Wednesday, February 10, 2010

Kitchener is a Bitchener...

Well, happily I knitted along on my sock. And the inevitable loomed in front of it all: KITCHENER stitch. So named after the smart-ass British general who decided that his soldiers needed a smoother finish on the toes of their socks. Well, excuse me, but it wasn't him knitting those socks. Thanks for the "great idea" dude.

I just can't do it. Period. At least tonight I can't do it. Children coming down into the room and throwing stupid questions and petty arguments at me didn't help a bit. After reading numerous tutorials on how to do this technique, not one of them missed the important point of not being interrupted while attempting! So, with that in mind, I decided to wait until the kids were in bed. Because if I don't, they're going to die.

The first tutorial I used had the yarn coming off the wrong end compared to where mine was located. That made things quite confusing. I also was using one of those tapestry needles with the bend in the end. Whose idea was this? Every single time I've used these needles, it's been annoying! I don't know what that bend is good for, other then to aim in the opposite direction than where I am headed. Stupid.

So now I'm chugging a Minute Maid Lite Lemonade, waiting for the kids to go "poof" into the night. Then I'll attempt this bitchener Kitchener stitch again. Don't worry, my attitude will be stellar. Promise.

Saturday, February 6, 2010

On Knitting Socks

Yes, I am finally knitting socks. It's been said that any knitter worth her salt simply must be able to knit socks. I am not sure if I agree, but hey, they will say anything to drive you to do something before which you'd normally have to smoke a joint to get the gumption to do!

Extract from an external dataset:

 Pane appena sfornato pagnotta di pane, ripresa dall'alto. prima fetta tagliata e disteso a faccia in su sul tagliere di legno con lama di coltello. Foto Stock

I tried to knit socks over a year ago, and ended up casting on a total of three times, getting the stitches twisted on my DPN's every single time. I gave up. Of course, I should mention that I was sitting in a smelly Blazer in the middle of winter, trying like anything not to inhale as much exhaust as I knew I was. But that's beside the point.

I put that ball of sock yarn away, thinking that "another time will be better". Since then, I've taken a gander at sock patterns here and there, got the concept of sock shaping down in my brain, and still didn't think enough of it to pull that ball of sock yarn out again and give it another go. I don't know what prompted me to do so this time, but I had success!

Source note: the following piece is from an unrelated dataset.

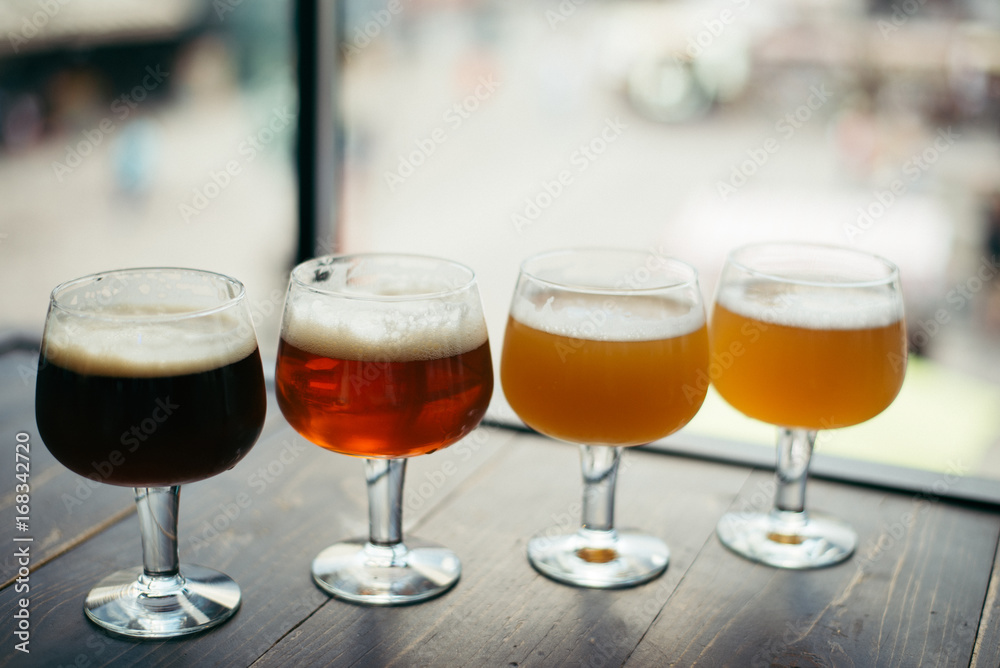 four glasses of beer on wooden table four glasses of beer on wooden table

Knitting a sock is a whole lot like building a house, I've decided. Shaping as you go, decreasing, short rows, changes in stich patterns for different areas of the sock; well, it all makes me feel very intelligent. When I turned my first heel and saw the little pocket it made, I was floored that I had done such a cool thing.

The teeny tiny size 1 needles should have put me off, at least a little. But I was actually excited. They feel delicate in my hands. This tiny yarn, when knit with these tiny needles, is actually dense and lush. There will be no other sock quite like this one...with the exception of the second sock, which in a perfect world should match it, in some way, shape, or form (but I'm not holding my breath).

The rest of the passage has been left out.